BinDCT implementation for a 32x32 matrix

Question

So I am playing a bit with DCT implementations and noticed they are (relative) slow due to the necessary multiplier calculations.

After googling a bit, I came across BinDCT, which results in very good approximations of the DCT and only uses bit shifts.

While scanning a paper about it (http://citeseerx.ist.psu.edu/viewdoc/download?doi=10.1.1.7.834&rep=rep1&type=pdf and http://www.docstoc.com/docs/130118150/Image-Compression-Using-BinDCT) and reading some code I found on ohlo (http://code.ohloh.net/file?fid=vz-HijUWVLFS65NRaGZpLZwZFq8&cid=mt_ZjvIU0Us&s=&fp=461906&projSelected=true#L0), I noticed there are only implementations for a 8x8 matrix.

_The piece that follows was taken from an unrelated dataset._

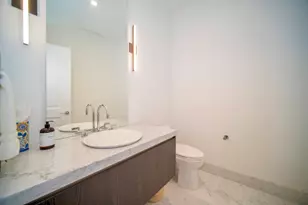 363 E Wacker Dr, Chicago, IL 60601 - Photo 15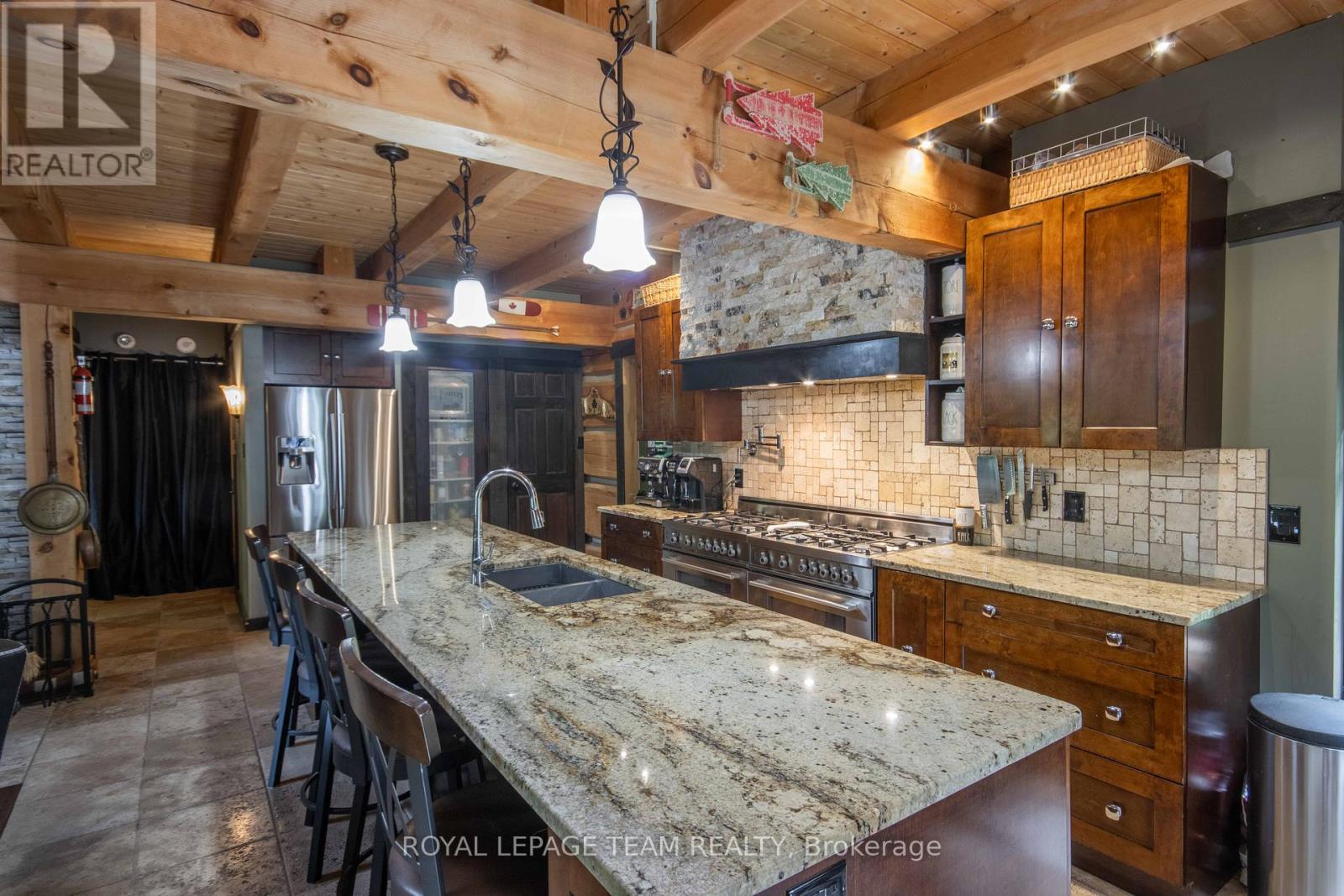 16 Carson Grove Road, Madawaska Valley, Ontario  K0L 1S0 - Photo 15 - X12116595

I am looking for an implementation of this BinDCT for a 32x32 matrix so I can use it in a faster variation of the perceptual hash algorithm (phash).

I am no mathematician and although I tried to understand what's going on in the paper and the c code I found I just can't wrap my head around how to transform this implementation to apply to a 32x32 matrix.

Has anyone ever written one? Is it even possible?

I understand that extending the implementation requires a lot more bit shifting and tmp variables. But although I could try with trial and error, I don't even understand the theory, so I would never know if I get the correct result.

I am writing this in C#, but any language would suffice as it's all basic operations and can be easily translated.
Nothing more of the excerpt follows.